40. RENOVATING

AS SOON AS Hajrudin started renovating the old restaurant, he found extensive water damage behind the decrepit wood paneling in the party room. Behind the large refrigerator. Behind the acoustic tile in the ceiling. Under the long bar, and under the floorboards.

This infuriated—and energized—Mersiha.

“He hid it!” she said about the former owner, recalling how he had refused a second round of inspections. The inspector had been unable to move the refrigerator to see what was behind it. She wished she had stuck to her offer of $165,000. “If I see him now, I will not be quiet!”

Hajrudin took this setback—which would cost them thousands of dollars—as if he had been slugged. Mersiha had never seen him so disappointed.

“I just don’t have the strength,” he told her.

He worried—maybe he should take a part-time job to help pay for the extra costs. But Mersiha reminded him that he would make so little—it was best to keep renovating the restaurant full time.

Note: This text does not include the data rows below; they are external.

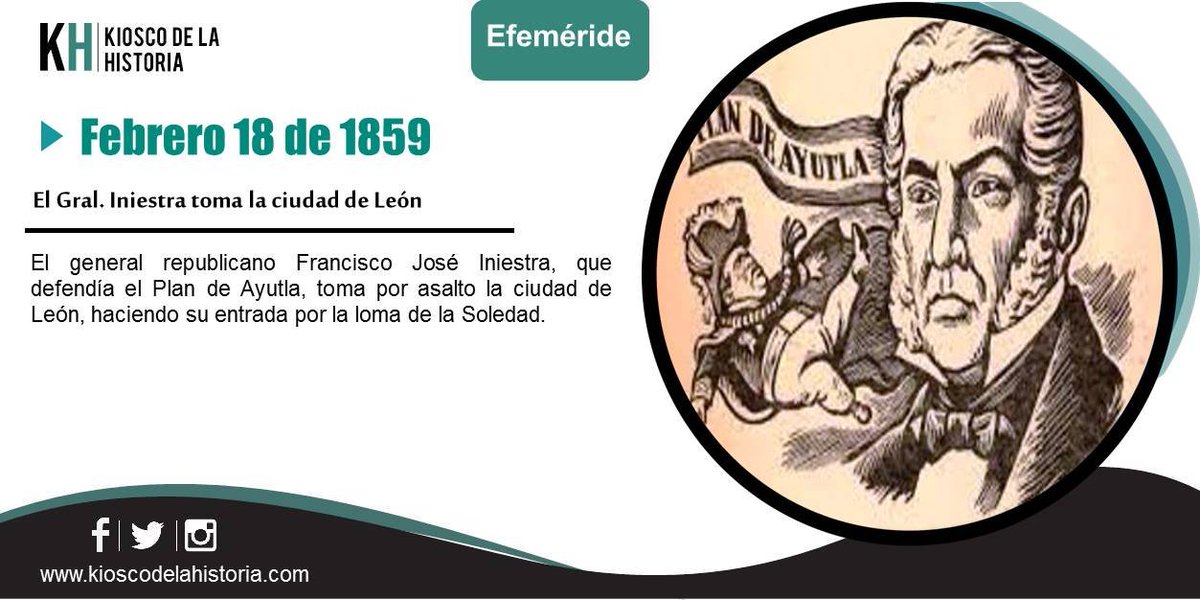 El #18DeFebrero de 1859 el Gral. Iniesta toma la ciudad de León.
Más y otras #Efemerides 👇
kioscodelahistoria.com/18-febrero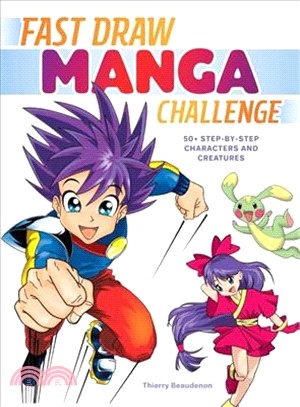 Fast Draw Manga Challenge ― 50+ Step-by-step Characters and Creatures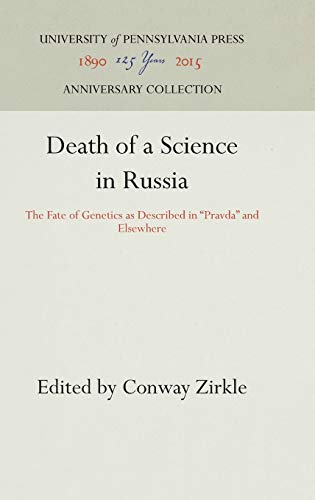 Death of a Science in Russia The Fate of Genetics as Described in  Pravda  and  [Hardcover]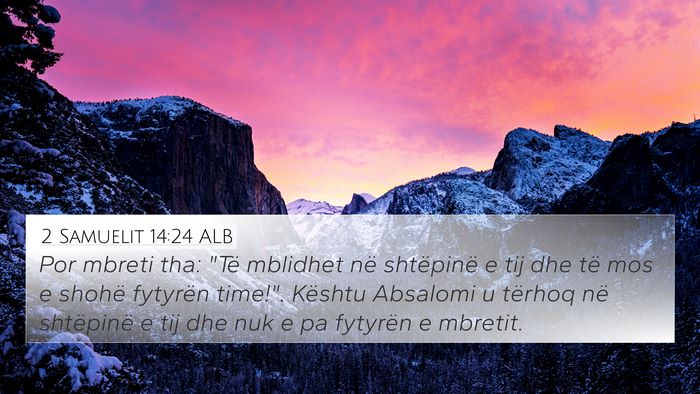 2 Samuelit 14:24 ALB 4K Wallpaper - Por mbreti tha: 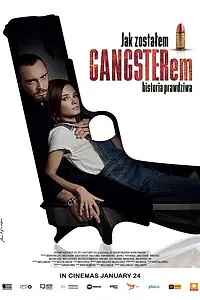 Постер к фильму «Как я стал гангстером. Правдивая история (2019)»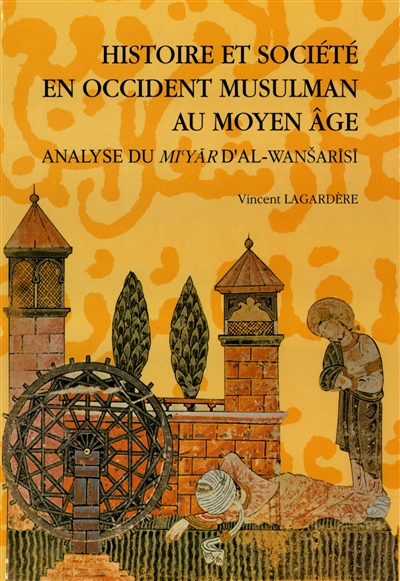 Histoire et société en Occident musulman au Moyen-âge : analyse du Mi'yar d'al-Wansarisi
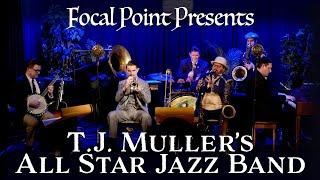 Focal Point Presents   TJ Mullers All Star Jazz Band January 6 2024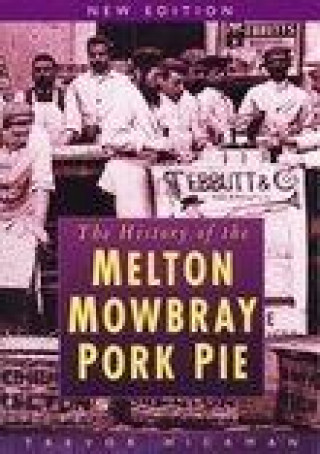 History of Melton Mowbray Pork Pie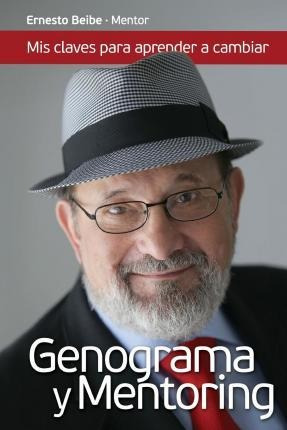 Genograma Y Mentoring - Ernesto Miguel Beibe Mentor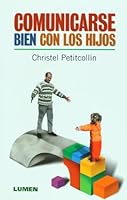 Bien communiquer avec son enfant 288353313X Book Cover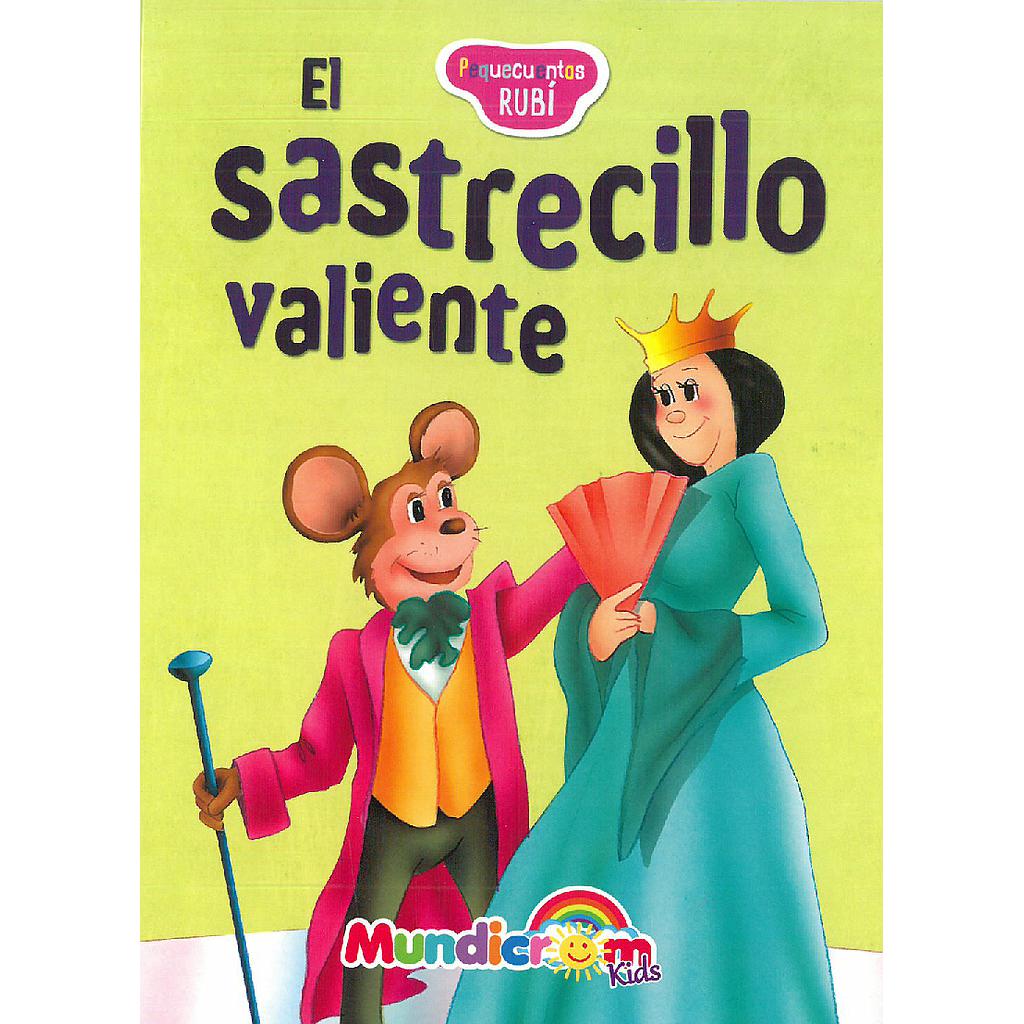 EL SASTRECILLO VALIENTE MUNDICROM (PEQUECUENTOS RUBI) ( DESC. )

She opened four new credit cards.

Hajrudin dug in: He changed the basement beams, cleaning and bleaching everything. Then he put in new walls and flooring. He rewired the electricity and put in new outlets.

“He started to see there’s light at the end of the tunnel,” Mersiha said.

Mersiha was in contact with the owners of cafés she admired in England, Italy, and Croatia. Talking with them helped crystallize what she wanted: a cool, colorful environment that would draw in young people, as well as others. She wanted her café to have a European feel.

Her model was EL&N, a chain in London. “It’s the most Instagrammable café,” she said. “In every corner, you can take awesome pictures.” The cafés have pink banquettes, smooth surfaces, and walls of tiny fabric flowers.

Mersiha expressed disdain for a popular brick-walled café in downtown Utica. Old-fashioned is out, she said. “A modern look is in.”

She planned to have a curtain of flowers, like EL&N’s, at the entrance, where people could take photos; she hoped it would distract customers from the restaurant’s run-down facade. Next year, after they make some money, the couple plan to renovate the facade.

Mersiha carefully chose every element of the new restaurant: pink and blue jelly glasses, white plates, comfortable velvet-upholstered chairs and love seats. Seating will be roomy—so people can relax.

But it is all about getting on Instagram, Mersiha said: She is proud she has 16,000 followers. All day long, she connects with them. People keep asking: “When will the new restaurant open?”

To walk through the restaurant—an enormous construction site—is to be daunted by what the couple have taken on.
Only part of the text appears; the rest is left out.